** Directions **
Starting at the first line, copy the data below through to the end, exactly.

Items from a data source
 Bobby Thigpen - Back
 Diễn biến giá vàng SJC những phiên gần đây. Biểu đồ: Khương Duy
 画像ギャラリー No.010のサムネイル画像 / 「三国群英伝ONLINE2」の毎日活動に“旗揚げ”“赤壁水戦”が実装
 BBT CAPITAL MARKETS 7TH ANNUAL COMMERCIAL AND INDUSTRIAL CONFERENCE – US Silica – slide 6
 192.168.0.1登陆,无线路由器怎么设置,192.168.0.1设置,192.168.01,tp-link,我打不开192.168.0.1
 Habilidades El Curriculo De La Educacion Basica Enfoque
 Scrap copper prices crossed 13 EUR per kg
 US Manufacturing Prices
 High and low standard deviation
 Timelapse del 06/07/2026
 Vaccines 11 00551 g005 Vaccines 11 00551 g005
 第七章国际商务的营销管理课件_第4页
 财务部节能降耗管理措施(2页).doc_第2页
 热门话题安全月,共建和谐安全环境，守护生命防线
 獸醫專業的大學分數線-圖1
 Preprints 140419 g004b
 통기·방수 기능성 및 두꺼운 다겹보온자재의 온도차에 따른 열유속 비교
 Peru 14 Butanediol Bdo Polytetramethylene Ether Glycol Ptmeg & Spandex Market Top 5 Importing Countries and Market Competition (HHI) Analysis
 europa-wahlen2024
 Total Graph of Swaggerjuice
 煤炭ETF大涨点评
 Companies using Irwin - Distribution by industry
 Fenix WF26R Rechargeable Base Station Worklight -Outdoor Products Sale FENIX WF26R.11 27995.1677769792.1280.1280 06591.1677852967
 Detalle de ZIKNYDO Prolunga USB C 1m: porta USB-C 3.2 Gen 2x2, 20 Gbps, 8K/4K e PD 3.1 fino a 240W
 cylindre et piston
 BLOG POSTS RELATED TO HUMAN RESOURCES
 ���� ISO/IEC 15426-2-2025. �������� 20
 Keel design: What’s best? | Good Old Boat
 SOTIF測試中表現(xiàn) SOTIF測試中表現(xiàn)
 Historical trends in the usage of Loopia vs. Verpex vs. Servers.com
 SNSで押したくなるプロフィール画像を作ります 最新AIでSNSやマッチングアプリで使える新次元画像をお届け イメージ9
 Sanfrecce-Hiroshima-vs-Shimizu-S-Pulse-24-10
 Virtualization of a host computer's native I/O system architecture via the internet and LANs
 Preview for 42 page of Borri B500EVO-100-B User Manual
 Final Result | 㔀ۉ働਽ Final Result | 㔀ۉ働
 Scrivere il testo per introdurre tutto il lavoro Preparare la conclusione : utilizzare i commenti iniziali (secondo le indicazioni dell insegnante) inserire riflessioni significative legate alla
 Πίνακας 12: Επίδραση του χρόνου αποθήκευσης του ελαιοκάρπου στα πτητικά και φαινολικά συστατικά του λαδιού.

** Exercise solution **
 Bobby Thigpen - Back
 Diễn biến giá vàng SJC những phiên gần đây. Biểu đồ: Khương Duy
 画像ギャラリー No.010のサムネイル画像 / 「三国群英伝ONLINE2」の毎日活動に“旗揚げ”“赤壁水戦”が実装
 BBT CAPITAL MARKETS 7TH ANNUAL COMMERCIAL AND INDUSTRIAL CONFERENCE – US Silica – slide 6
 192.168.0.1登陆,无线路由器怎么设置,192.168.0.1设置,192.168.01,tp-link,我打不开192.168.0.1
 Habilidades El Curriculo De La Educacion Basica Enfoque
 Scrap copper prices crossed 13 EUR per kg
 US Manufacturing Prices
 High and low standard deviation
 Timelapse del 06/07/2026
 Vaccines 11 00551 g005 Vaccines 11 00551 g005
 第七章国际商务的营销管理课件_第4页
 财务部节能降耗管理措施(2页).doc_第2页
 热门话题安全月,共建和谐安全环境，守护生命防线
 獸醫專業的大學分數線-圖1
 Preprints 140419 g004b
 통기·방수 기능성 및 두꺼운 다겹보온자재의 온도차에 따른 열유속 비교
 Peru 14 Butanediol Bdo Polytetramethylene Ether Glycol Ptmeg & Spandex Market Top 5 Importing Countries and Market Competition (HHI) Analysis
 europa-wahlen2024
 Total Graph of Swaggerjuice
 煤炭ETF大涨点评
 Companies using Irwin - Distribution by industry
 Fenix WF26R Rechargeable Base Station Worklight -Outdoor Products Sale FENIX WF26R.11 27995.1677769792.1280.1280 06591.1677852967
 Detalle de ZIKNYDO Prolunga USB C 1m: porta USB-C 3.2 Gen 2x2, 20 Gbps, 8K/4K e PD 3.1 fino a 240W
 cylindre et piston
 BLOG POSTS RELATED TO HUMAN RESOURCES
 ���� ISO/IEC 15426-2-2025. �������� 20
 Keel design: What’s best? | Good Old Boat
 SOTIF測試中表現(xiàn) SOTIF測試中表現(xiàn)
 Historical trends in the usage of Loopia vs. Verpex vs. Servers.com
 SNSで押したくなるプロフィール画像を作ります 最新AIでSNSやマッチングアプリで使える新次元画像をお届け イメージ9
 Sanfrecce-Hiroshima-vs-Shimizu-S-Pulse-24-10
 Virtualization of a host computer's native I/O system architecture via the internet and LANs
 Preview for 42 page of Borri B500EVO-100-B User Manual
 Final Result | 㔀ۉ働਽ Final Result | 㔀ۉ働
 Scrivere il testo per introdurre tutto il lavoro Preparare la conclusione : utilizzare i commenti iniziali (secondo le indicazioni dell insegnante) inserire riflessioni significative legate alla
 Πίνακας 12: Επίδραση του χρόνου αποθήκευσης του ελαιοκάρπου στα πτητικά και φαινολικά συστατικά του λαδιού.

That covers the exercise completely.